We called our report "The Preventable Genocide." We called it "The Preventable Genocide" because the evidence—and I want to emphasize this—tremendous mounds of evidence and testimony, drove us irresistibly to the conclusion that the genocide could have been stopped before it started, particularly by the French government, which had intimate and inextricable relationships with the former government of Rwanda, had tremendous influence, and chose never to exert it. It could have been stopped before and during the genocide by the government of the United States, had they been willing to permit a major intervention, a major U.N. intervention force in Rwanda, as the head of the then-U.N. force was desperately pleading for, and all his pleas fell on deaf ears.

The sadness of hearing that quote from the State Department official that you just played in June of '94 is that by that time fully half a million people were dead, and there was no question for the world that a genocide was occurring. And that was such a quintessential quote because it captures exactly the U.S. position: They spent the entire period of the genocide pretending that it wasn't happening and preventing the United Nations from making a major intervention.

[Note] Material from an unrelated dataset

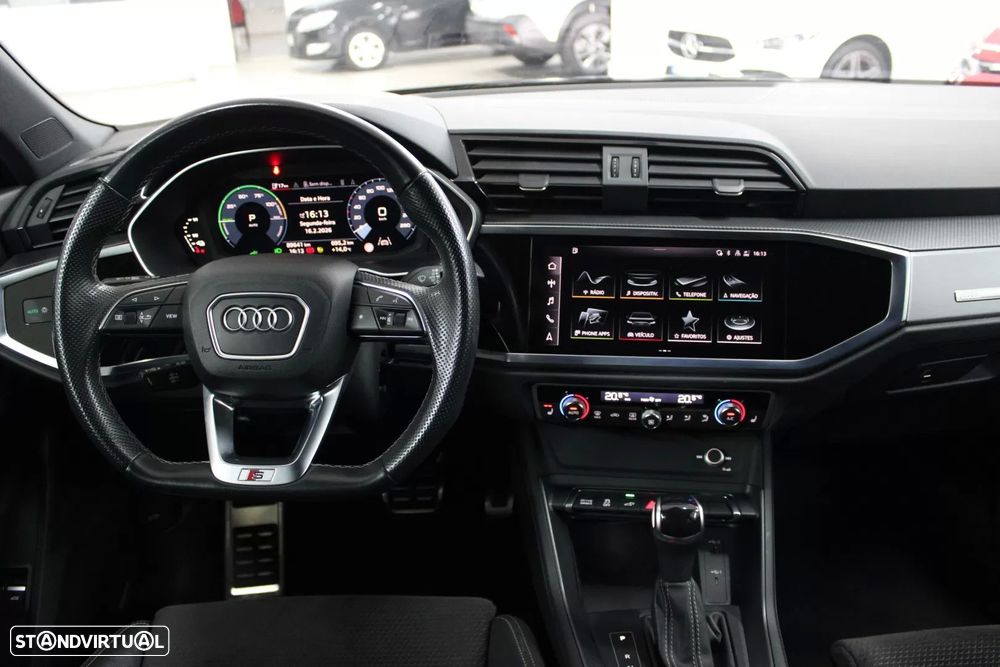 Audi Q3 Sportback 45 TFSIe S line S tronic - 7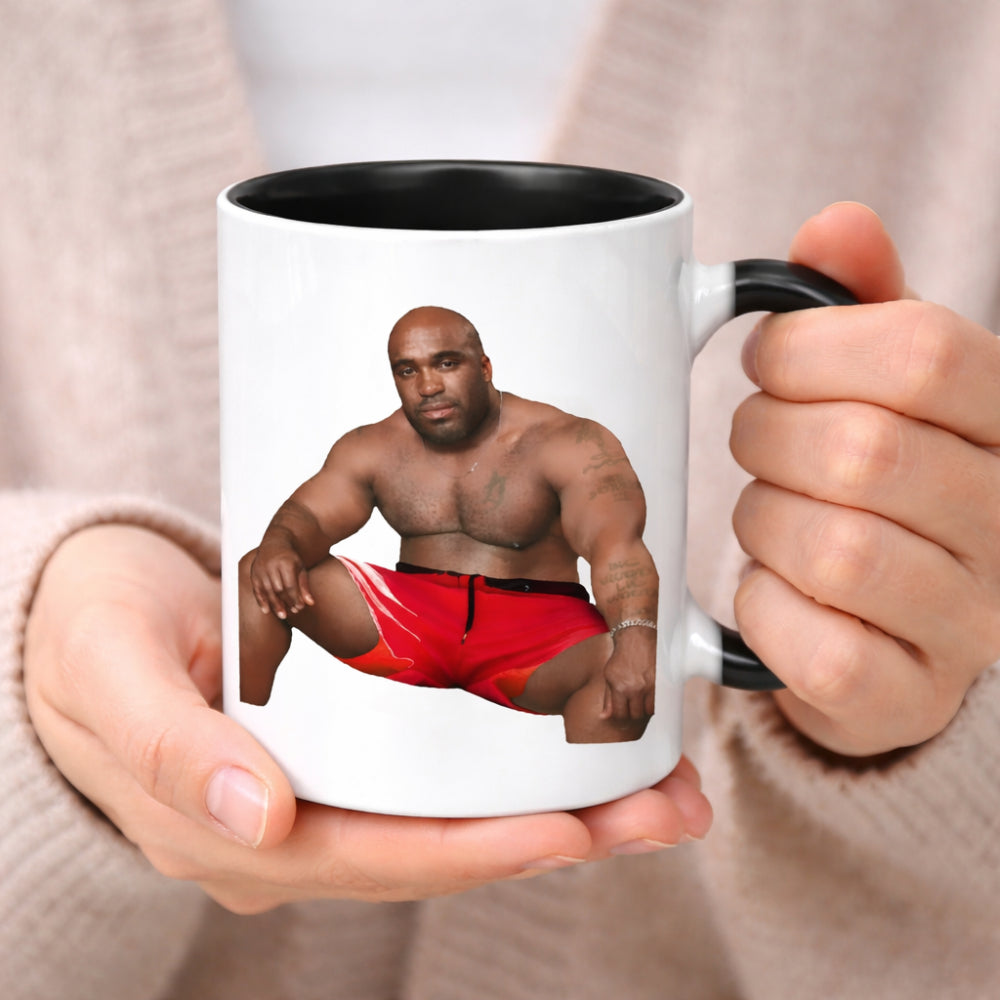 Taza Mágica que Cambia de Color con el Calor de Cerámica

And unfortunately, the U.N. secretariat didn’t act or didn’t mobilize itself as vigorously as it should, so that, in a sense, all of those who could have stopped the genocide, including the church, which was close to Hutu power, including the Belgians, who pulled their troops out at the moment their peacekeepers were killed in the first 24 hours, just as the United States had left Somalia in a similar situation—everything conspired to make or to permit the genocide to happen, which is one of the great tragedies in the last decade of the 20th century.

AMY GOODMAN: And explain how long did the genocide take and exactly how many people—of course, you don’t know exactly—died.

STEPHEN LEWIS: Well, the genocide took roughly 100 days. It went from April the 6th, 1994, to the middle of July 1994. And I think the estimates—and again, these figures, because they’re human beings, are more than the mind can absorb, but it ranges from half a million to 800,000 on the basis of all the most authentic material. I just want to emphasize that although there may have been no moment precisely in time when you could say a group of people got together to plan the genocide, the unfolding of events, the reports of the catastrophe that was looming, what all of the capitals of the world knew—Washington, Brussels, Paris—because their diplomats were sending back the information—it was a little, incestuous diplomatic community in Kigali. They shared everything. What you learned Tuesday morning, you knew by Tuesday night. The complete abandonment of Rwanda at the point when its people were being exterminated is simply something that is unbearable, Amy. I don’t know how to deal with it simply in a conversation.

AMY GOODMAN: We’re talking to Ambassador Stephen Lewis, formerly the Canadian ambassador to the United Nations. What about, specifically, Madeleine Albright and her role—now Secretary of State here in the United States, of course then the U.S. ambassador to the United Nations?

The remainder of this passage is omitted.